In the closing section of "The General Prologue" to Geoffrey Chaucer's The Canterbury Tales, the host establishes some governance concerning how and by whom the tales will be told. How is "The...
In the closing section of "The General Prologue" to Geoffrey Chaucer's The Canterbury Tales, the host establishes some governance concerning how and by whom the tales will be told. How is "The Miller's Tale" relevant to this theme of governance?
Near the end of the “General Prologue” to Geoffrey Chaucer’s The Canterbury Tales, the host establishes a kind of governance to determine how and by whom the tales will be told. Each of the pilgrims chooses a straw, and, since the Knight draws the shortest straw, he is the first pilgrim to tell a tale. When the Knight concludes his tale, the host and other pilgrims (particularly the gentlefolk) praise the Knight’s story. The host is pleased with this beginning of the tale-telling enterprise, and he suggests that the Monk should tell the next tale.

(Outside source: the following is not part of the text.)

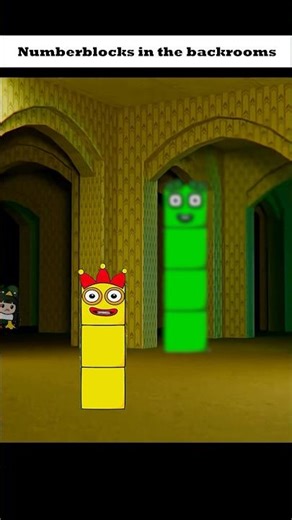 Sprunki OC Numberblocks in the Blackrooms #shots #numberblocks #sprunki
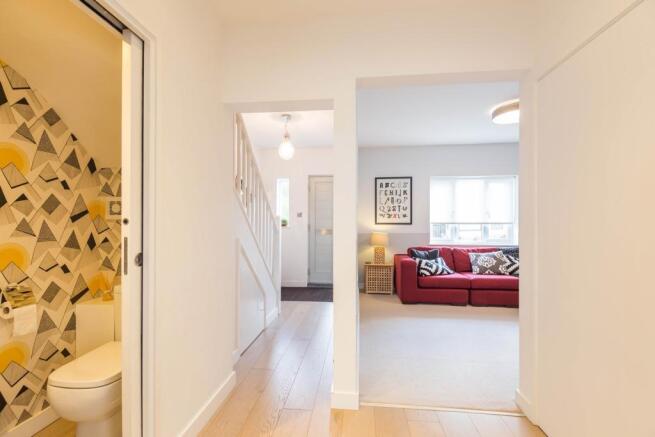 Lower Hallway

In other words, the host wants to proceed in an orderly, well-governed fashion.
The Miller, however, has other ideas. He is drunk and can barely sit upon his horse – two common symbols in the middle ages of a person who is unreasonable and who does not have good control of his passions. In other words, the Miller is ungoverned and soon proves ungovernable. He shows no respect toward anyone else (another indication of his ungoverned, ungovernable nature), and he cries out in the voice of Pilate (the figure in the Bible often blamed for the death of Christ, often portrayed in medieval plays) that he, the Miller, will answer the Knight’s tale. The Miller thus displays his pride, his lack of common courtesy, his lack of respect for his superiors, and even (by referring profanely to the crucifixion) his lack of respect God and for the religious values of the time. In all these ways he shows that he is ungoverned and indeed has no desire to submit to any kind of governance – even, including, the governance of his own reason.
The Miller’s refusal to be governed by anyone or anything is especially clear when he once again refers profanely to God when he declares that he will not abide by the host’s suggestions:
“By Goddes soule,” quod he, “that wol not I,
For I wol speke or ells go my way.” (24-25; Prologue to “The Miller’s Tale”)

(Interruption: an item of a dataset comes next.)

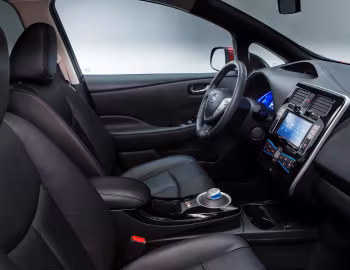 Interior Nissan Leaf [Worldwide] '2013–17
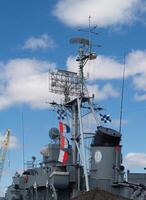 Boston, MA, 2008 - Detail Of Upper Bridge Structure USS Cassin Young photo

In these two lines he manages to use personal pronouns three times, and Chaucer gives the pronoun “I” at the end of line 24 heavy metrical emphasis. The Miller is an egotist who cares only about himself. He consistently exhibits the sin of pride – the root cause of all other sins and certainly the root cause of his own ungoverned, ungovernable attitudes and behavior. The Miller’s disruption of the orderly proceedings is funny, but obviously he is not the kind of person who should be taken as a model for any kind of orderly, civil, well-governed behavior. He is, in this respect as in so many others, the precise opposite of the Knight. He epitomizes and embodies all the forces of selfishness and arrogance that make a well-governed commonwealth impossible. No wonder, then, that the host becomes so comically frustrated with the Miller, as when the host exclaims, “Thou art a fool; thy wit is overcome” (27).